Description of the task :: Omitting all pictures, copy word for word the lines from the line containing "VI-B5P-CU-S QRCode" through the final line of the entries.

Data to process ::
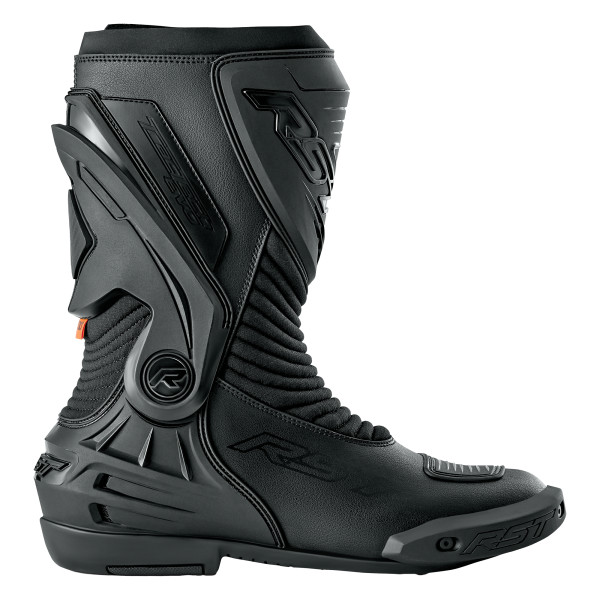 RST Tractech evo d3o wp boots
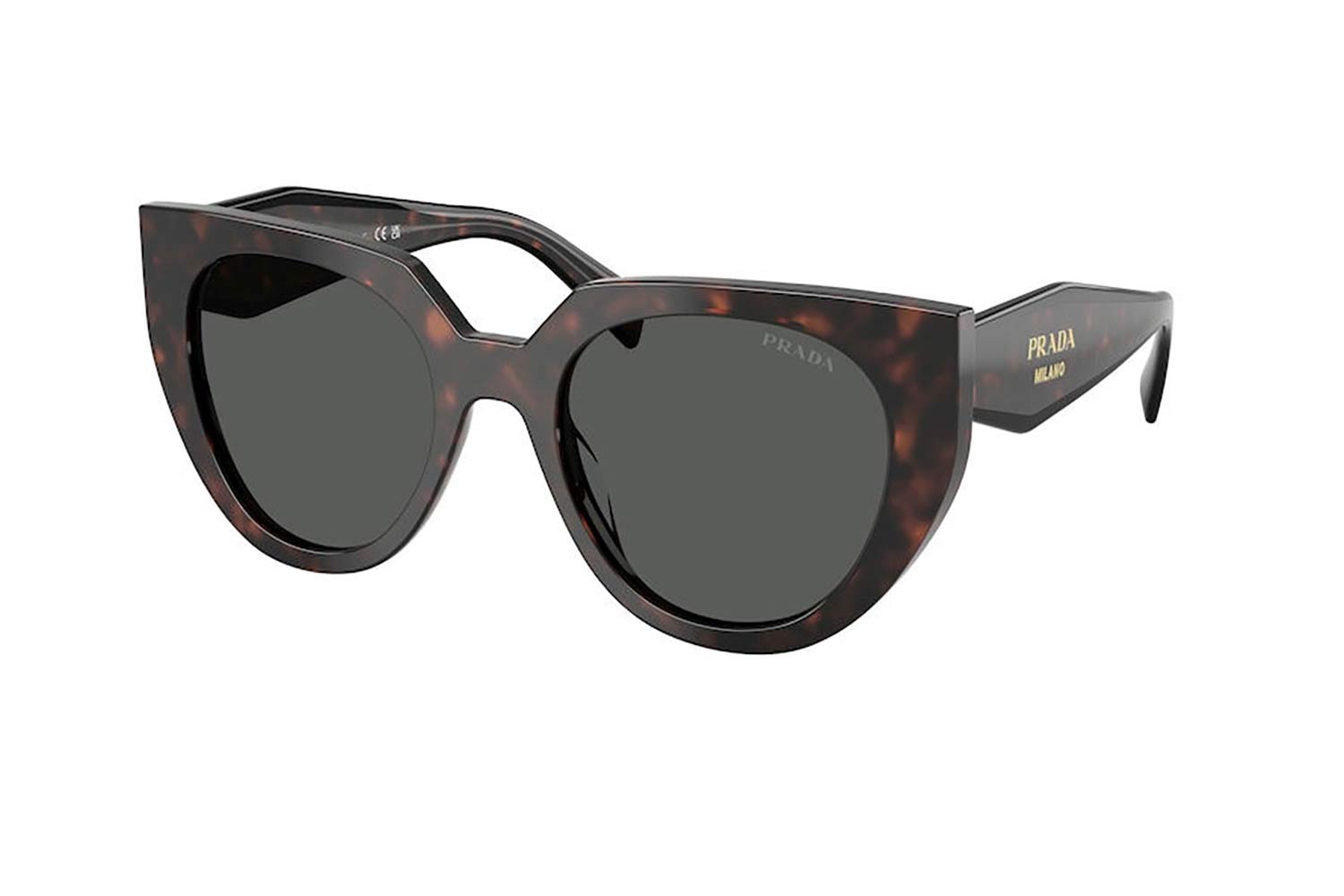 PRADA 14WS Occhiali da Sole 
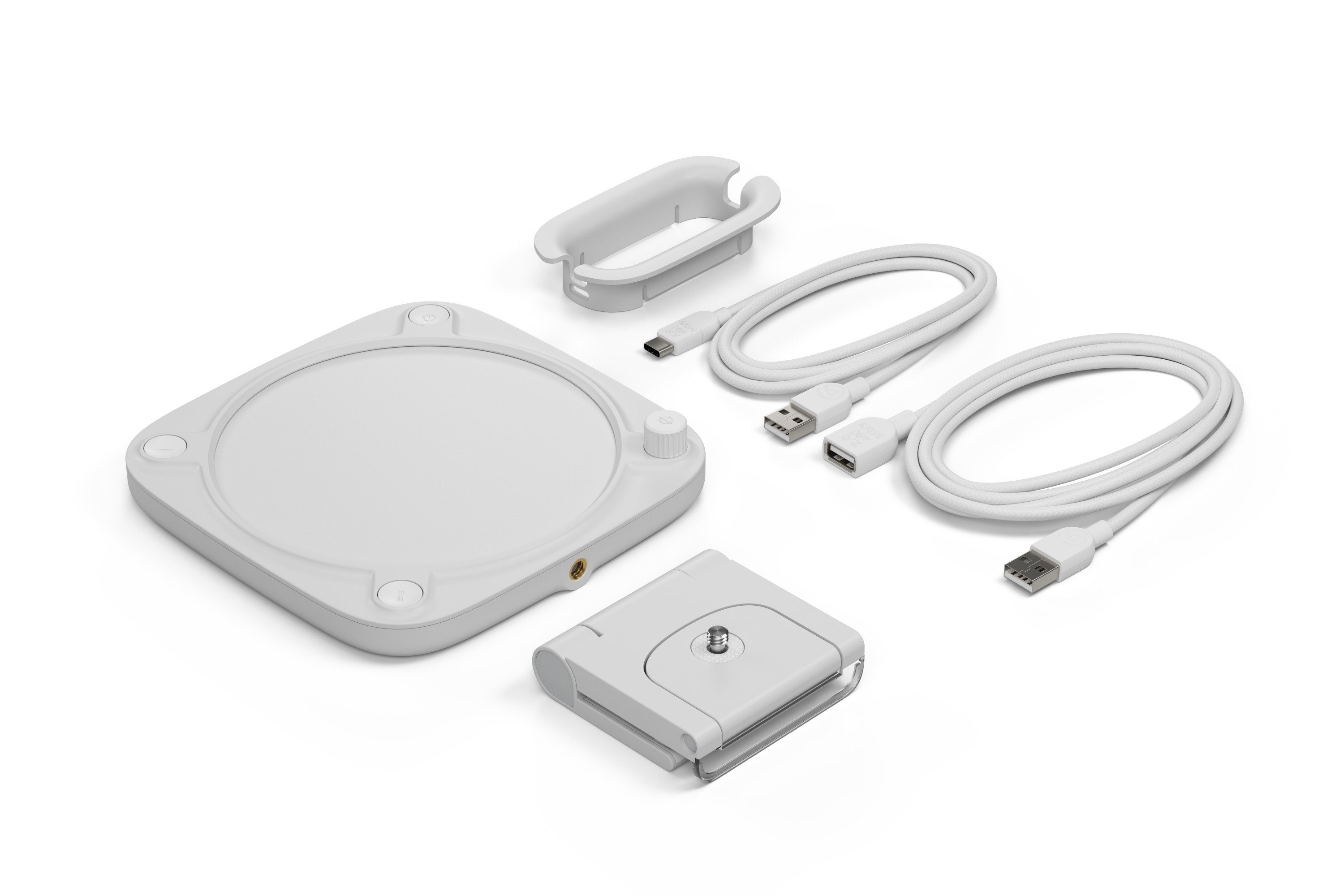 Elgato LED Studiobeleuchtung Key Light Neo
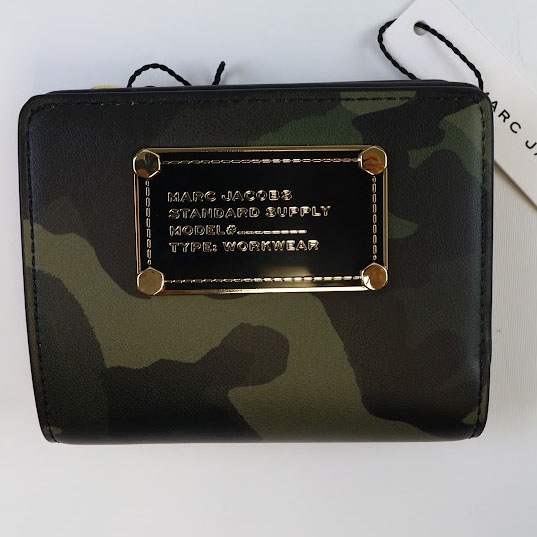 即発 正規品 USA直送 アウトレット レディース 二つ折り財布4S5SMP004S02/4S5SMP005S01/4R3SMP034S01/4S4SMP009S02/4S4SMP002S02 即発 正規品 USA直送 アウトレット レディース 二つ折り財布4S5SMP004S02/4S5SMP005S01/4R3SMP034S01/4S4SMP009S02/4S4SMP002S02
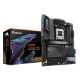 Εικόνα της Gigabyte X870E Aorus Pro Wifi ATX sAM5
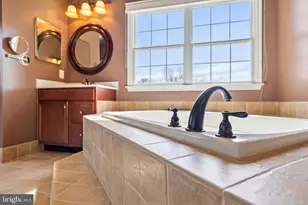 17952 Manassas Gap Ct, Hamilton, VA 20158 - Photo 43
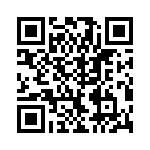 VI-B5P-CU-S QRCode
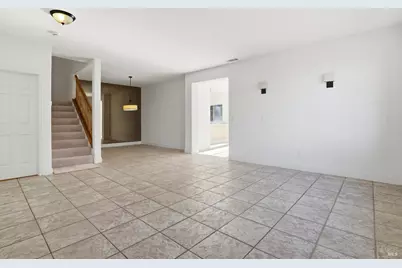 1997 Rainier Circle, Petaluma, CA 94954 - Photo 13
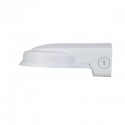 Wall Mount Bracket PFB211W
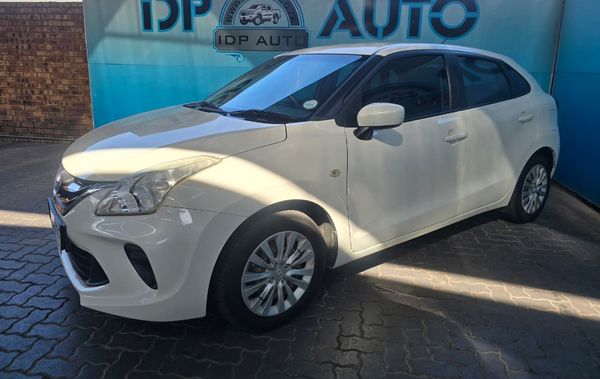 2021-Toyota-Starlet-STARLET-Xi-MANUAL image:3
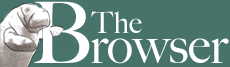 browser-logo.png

Output below ::
 VI-B5P-CU-S QRCode
 1997 Rainier Circle, Petaluma, CA 94954 - Photo 13
 Wall Mount Bracket PFB211W
 2021-Toyota-Starlet-STARLET-Xi-MANUAL image:3
 browser-logo.png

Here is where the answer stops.